Available data -
┌──
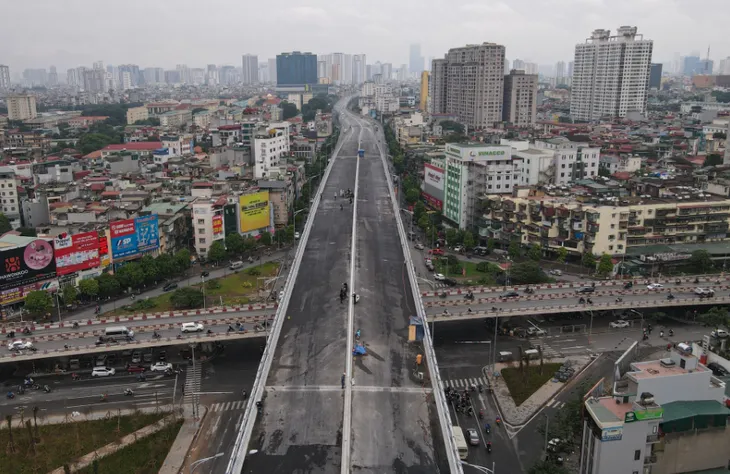 Hà Nội thông xe đường Vành đai 2 trên cao vào 11/1/2023 - Ảnh 1. Hà Nội thông xe đường Vành đai 2 trên cao vào 11/1/2023 - Ảnh 1.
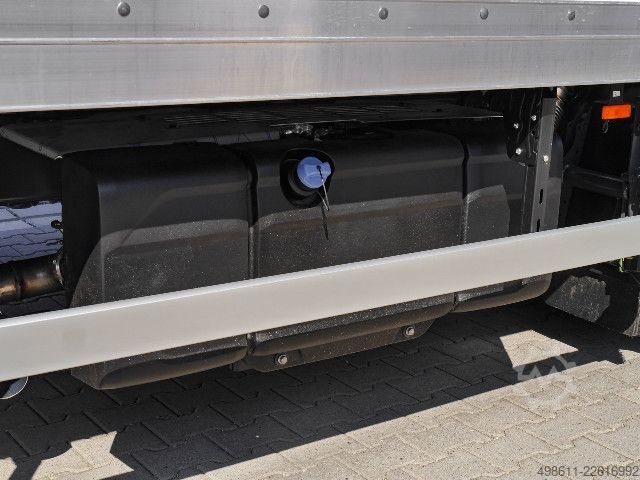 Samochód ciężarowy typu furgon DAF XB230, 12t Koffer, LBW,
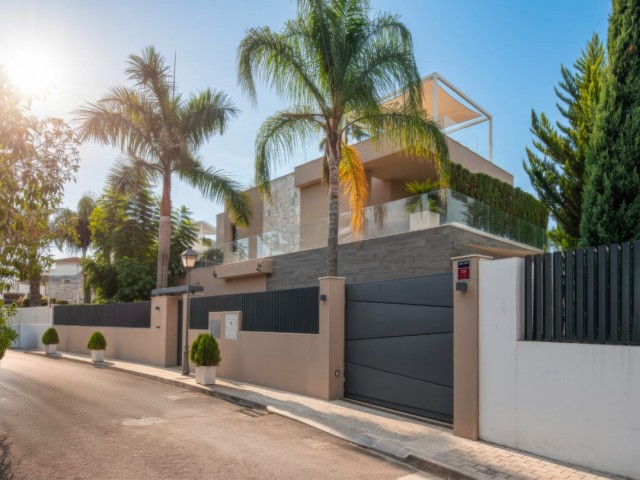 Villa The Golden Mile - R5261458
└──
What you need to do -
Copy out all the data exactly; skip the pictures.

Solution below -
 Hà Nội thông xe đường Vành đai 2 trên cao vào 11/1/2023 - Ảnh 1. Hà Nội thông xe đường Vành đai 2 trên cao vào 11/1/2023 - Ảnh 1.
 Samochód ciężarowy typu furgon DAF XB230, 12t Koffer, LBW,
 Villa The Golden Mile - R5261458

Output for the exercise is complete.